PIDs need to know what they are identifying, and being clear about what that is may in itself be a big challenge. If you assign a PID to a person, an organisation, or any entity, you want to be confident that it is right. ORCIDs are for current researchers, and if you set yourself up with an ORCID, you are going to know that it identifies you (one would hope). But if we have seven ‘Elizabeth Roberts‘ referred to on the Archives Hub, referenced in a range of archives, we may find it very difficult to know if they are the same person. Assigning identification to historical records is a massive detective challenge.

We have been looking to match our names to VIAF or Wikidata, so that we can benefit from these widely used PIDs. But to do that we need to find a way to create matches and set levels of confidence for matches. Increasingly, I am wondering if Wikidata is more promising than VIAF due to the ability to add to the database. For archives, where many names are not published individuals, this might prove to be a good way forward.

The PID project came up with a number of recommendations. Many of these were about generally promoting PIDs and integrating them into workflows. Quite a few of the recommendations look like they need significant funding. One that I think is very pertinent is working with system suppliers.
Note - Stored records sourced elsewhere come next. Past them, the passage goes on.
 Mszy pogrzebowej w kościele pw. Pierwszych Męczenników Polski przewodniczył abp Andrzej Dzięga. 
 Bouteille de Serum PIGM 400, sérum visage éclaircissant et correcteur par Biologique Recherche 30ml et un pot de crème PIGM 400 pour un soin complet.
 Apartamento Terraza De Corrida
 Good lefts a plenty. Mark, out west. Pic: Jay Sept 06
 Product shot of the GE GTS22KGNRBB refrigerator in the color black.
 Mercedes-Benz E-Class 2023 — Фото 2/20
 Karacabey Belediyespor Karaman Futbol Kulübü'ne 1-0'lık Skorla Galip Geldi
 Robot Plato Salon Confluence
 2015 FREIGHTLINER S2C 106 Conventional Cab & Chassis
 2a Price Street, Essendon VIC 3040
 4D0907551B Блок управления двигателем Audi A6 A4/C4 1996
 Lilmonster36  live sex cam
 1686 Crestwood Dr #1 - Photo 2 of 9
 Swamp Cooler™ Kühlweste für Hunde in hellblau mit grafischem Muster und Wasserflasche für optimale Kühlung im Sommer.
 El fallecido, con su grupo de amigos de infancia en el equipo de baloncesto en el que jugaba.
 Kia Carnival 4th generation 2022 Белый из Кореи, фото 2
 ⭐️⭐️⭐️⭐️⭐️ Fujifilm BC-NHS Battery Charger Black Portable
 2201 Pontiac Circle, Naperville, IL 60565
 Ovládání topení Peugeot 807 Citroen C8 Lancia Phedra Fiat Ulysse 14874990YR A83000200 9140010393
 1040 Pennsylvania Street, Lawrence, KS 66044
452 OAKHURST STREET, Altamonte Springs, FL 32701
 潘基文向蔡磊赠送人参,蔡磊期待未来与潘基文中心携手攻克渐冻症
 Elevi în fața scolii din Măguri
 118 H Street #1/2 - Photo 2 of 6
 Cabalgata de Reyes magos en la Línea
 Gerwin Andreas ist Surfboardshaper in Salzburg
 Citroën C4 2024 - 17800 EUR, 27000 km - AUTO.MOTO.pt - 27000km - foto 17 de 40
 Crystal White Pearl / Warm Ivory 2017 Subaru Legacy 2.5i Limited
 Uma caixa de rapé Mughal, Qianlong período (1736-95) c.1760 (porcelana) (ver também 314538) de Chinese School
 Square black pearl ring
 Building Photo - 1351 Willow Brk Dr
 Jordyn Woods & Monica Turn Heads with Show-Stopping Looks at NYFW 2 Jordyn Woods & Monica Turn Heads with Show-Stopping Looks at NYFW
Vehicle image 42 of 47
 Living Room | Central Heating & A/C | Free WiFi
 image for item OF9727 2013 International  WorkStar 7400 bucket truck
It needs to be straightforward to integrate PIDs when a collection is being catalogued.

The recommendations tended to just refer to PIDs and not specific PIDs and I’m not sure whether this is helpful as it is such a broad context. Maybe it is more useful to be more specific about whether you are looking at PIDs for collections/artefacts or for researchers, for all names or for topics. For example, if you recommend looking at cost analysis, is this for any and all PIDs that might be implemented across all of the cultural heritage sector? The project has found that it is not possible to be prescriptive and narrow things down, but I still feel that talking about certain kinds of identifiers rather than PIDs in general might help to give more context to the conversation.

There are many persistent identifier systems. If we all use different identifiers then we aren’t really getting towards the kind of interconnectivity that we are after. We could do with adopting a common approach – even just a common approach within the archives domain would be useful – but that requires resource and that requires funding. Having said that, it is not essential to use exactly the same PIDs. For example, if one organisation adopts VIAF IDs for their names and another adopts Wikidata Q codes, then that is not really a problem in that VIAF and Wikidata link to each other. But adopting a system that is not widely used (and not linked up to other systems) is not really going to be very helpful.

In the end, we need a very clear sense of the benefits that PIDs will bring us. As an aggregator it is very difficult to add PIDs to data that we receive. Archives should ideally add PIDs as they create descriptions. If VIAF IDs or Wikidata Q codes, or Geonames identifiers for place names, were added during cataloguing, that could potentially be of great benefit. But this raises a big issue – we need archival management systems to make it really easy to add PIDs, and at present many of them don’t do this. Our own cataloguing tool does provide a look-up and this has proved to be really successful. It makes adding identifiers easier than not adding them – and that is what you want to achieve.